Features of the above-mentioned aspects and embodiments may be combined with each
other in other embodiments unless explicitly mentioned otherwise.
BRIEF DESCRIPTION OF THE DRAWINGS
[0031] The embodiments of the present disclosure are pointed out with particularity in the
appended claims. However, other features of the various embodiments will become more
apparent and will be best understood by referring to the following detailed description
in conjunction with the accompany drawings in which:
FIG. 1 shows a schematic view of an audio system according to an embodiment;
FIG. 2 shows a schematic view of an audio system according to an embodiment;
FIG. 3 shows a schematic view of an audio system according to an embodiment;
FIG. 4 shows a method for adaptive correction of loudspeaker performance;
FIG. 5 shows a schematic view of a forward modeling system for an audio system according
to an embodiment;
FIG. 6 shows a schematic view of a postcorrector learning scheme for an audio system
according to an embodiment;
FIG. 7 shows a schematic view of a precorrector of the forward model for an audio
system according to an embodiment; and
FIG. 8 shows a schematic view of a learning scheme for an audio system according to
an embodiment.
DETAILED DESCRIPTION
[0032] As required, detailed embodiments are disclosed herein; however, it is to be understood
that the disclosed embodiments are merely exemplary of the invention that may be embodied
in various and alternative forms. The figures are not necessarily to scale; some features
may be exaggerated or minimized to show details of particular components. Therefore,
specific structural and functional details disclosed herein are not to be interpreted
as limiting, but merely as a representative basis for teaching one skilled in the
art to variously employ the present disclosure.

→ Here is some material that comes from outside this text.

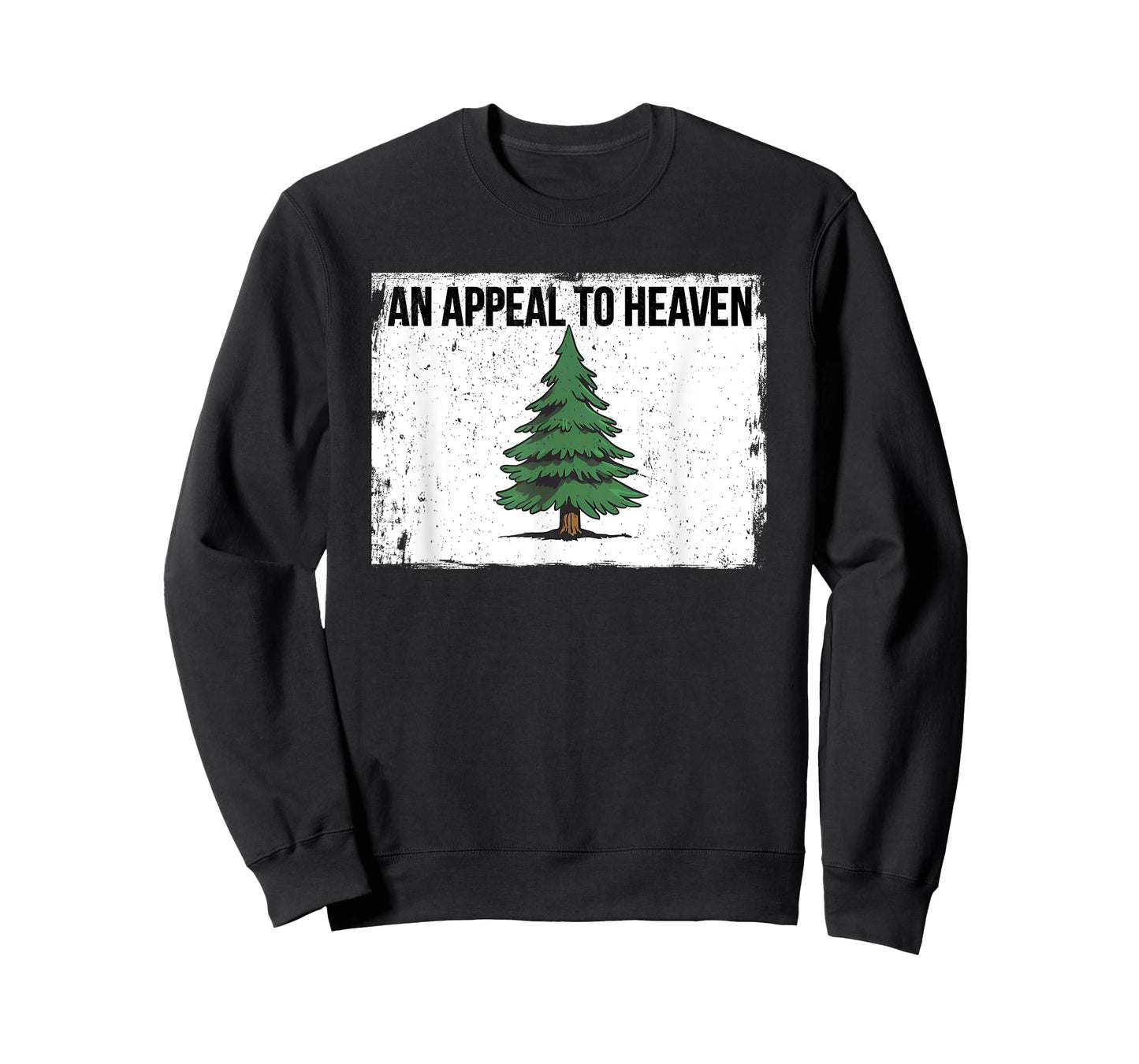 An Appeal To Heaven Flag Pine Tree Flag T-Shirt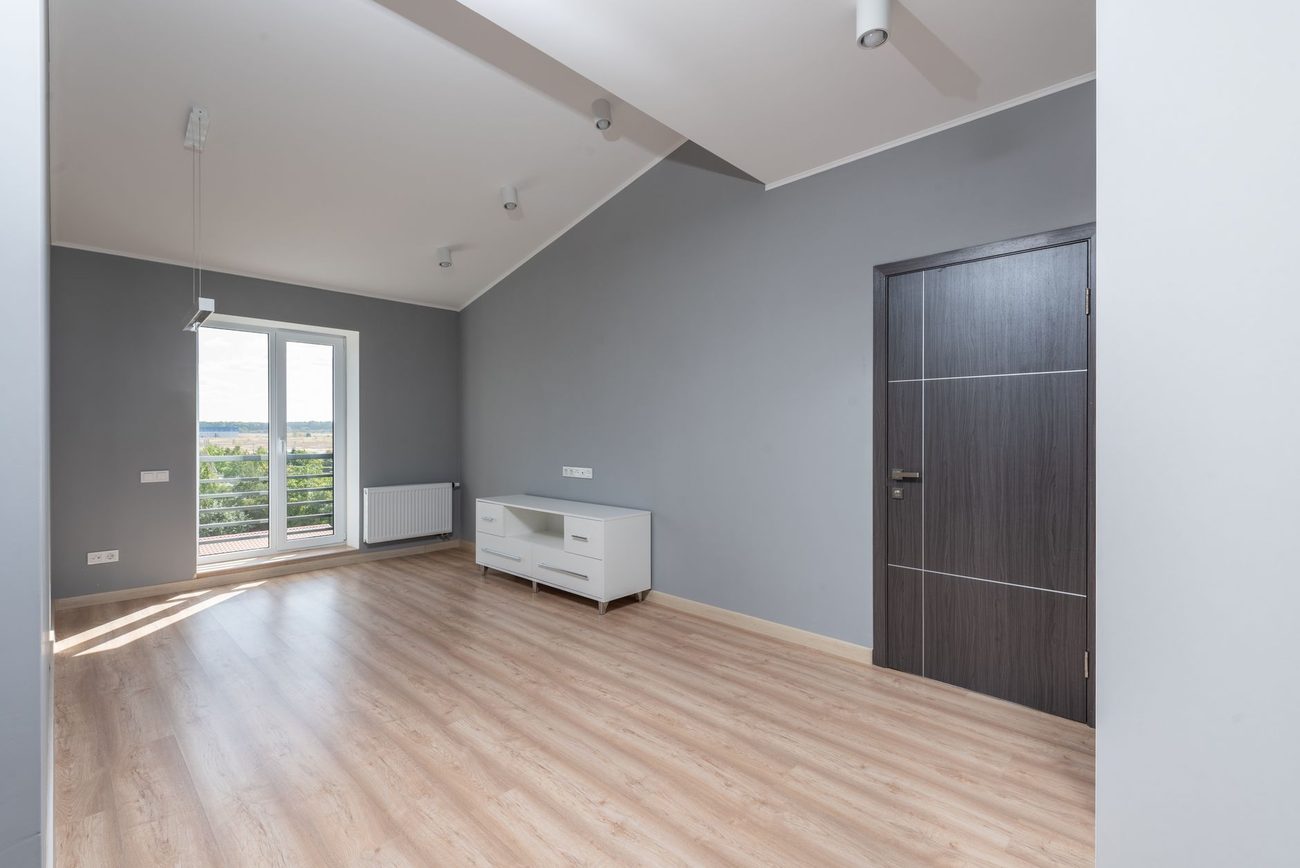 Week one: no broadband, no curtains and a sofa that wouldn't turn the corner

[0033] The embodiments of the present disclosure generally provide for a plurality of circuits
or other electrical devices. All references to the circuits and other electrical devices
and the functionality provided by each, are not intended to be limited to encompassing
only what is illustrated and described herein. While particular labels may be assigned
to the various circuits or other electrical devices disclosed, such labels are not
intended to limit the scope of operation for the circuits and the other electrical
devices. Such circuits and other electrical devices may be combined with each other
and/or separated in any manner based on the particular type of electrical/operational
implementation that is desired. It is recognized that any circuit or other electrical
device disclosed herein may include any number of microprocessors, integrated circuits,
memory devices (e.g., FLASH, random access memory (RAM), read only memory (ROM), electrically
programmable read only memory (EPROM), electrically erasable programmable read only
memory (EEPROM), or other suitable variants thereof) and instructions (e.g., software)

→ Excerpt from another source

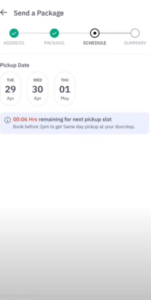 Courier Kaise Kare Ghar Se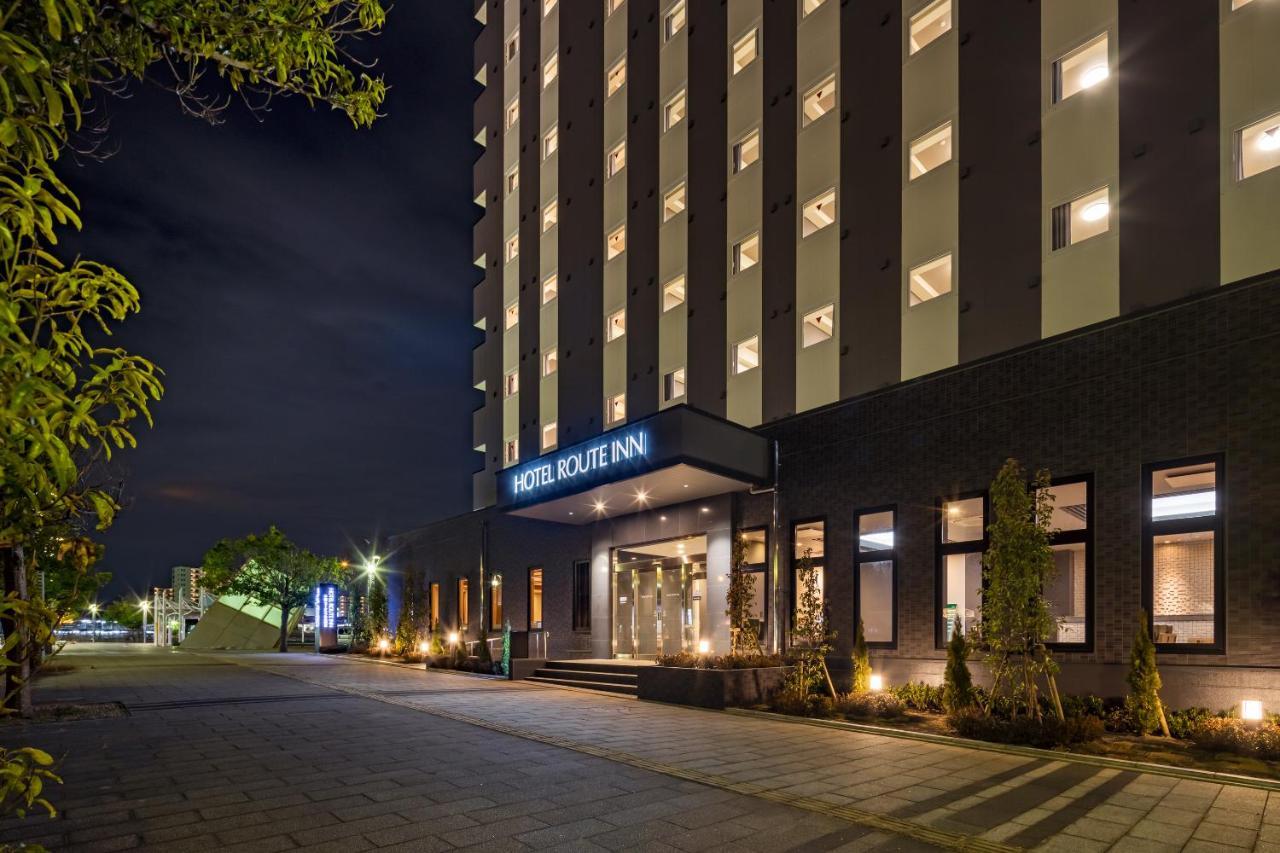 Hotel Route Inn Chiba Newtown Chuo Ekimae -Narita Kuko Akusesu Sen- Inzai Eksteriør bilde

which co-act with one another to perform operation(s) disclosed herein. In addition,
any one or more of the electric devices may be configured to execute a computer-program
that is embodied in a computer readable medium that is programmed to perform any number
of the functions and features as disclosed. The computer readable medium may be non-transitory
or in any form readable by a machine or electrical component.
[0034] Aspects disclosed herein may provide for correction of loudspeaker performance. Correction
of loudspeaker performance may correct loudspeaker nonlinearities. The present systems
and methods may use adaptive correction of loudspeakers using neural networks, e.g.,
a recurrent neural network (RNN). RNNs may be black box models that are extremely
useful for modeling nonlinear dynamical systems, e.g., a loudspeaker or loudspeaker
system. Furthermore, RNNs have excellent generalization capabilities. Hence, an adaptive
correction scheme based on RNNs and real-time feedback is described. A RNN can produce
a corrector model or corrector parameters to correct the highly nonlinear aspects
of loudspeakers, e.g., break up modes, air path distortion, compression chamber and
phasing plug distortion, port nonlinearities, hysteresis, thermal effects and/or other
nonlinear effects.
[0035] FIG. 1 shows an audio system 100 to sense and produce correction parameters to correct
nonlinearities in a loudspeaker 110. An audio signal source 101 produces an audio
signal 103 that is input into a RNN 105 and input into a transfer function 107. The
audio signal source 101 may be a device that plays recordings of music or a tone generator.
The audio source 101 can output the audio signal 103 that contains multiple tones,
e.g., pitches, quality and strength, and moves through a plurality of frequencies.
The audio source 101 can produce an audio signal 103 that includes at least two tones
simultaneously moving through an audio spectrum to create a spread of intermodulation.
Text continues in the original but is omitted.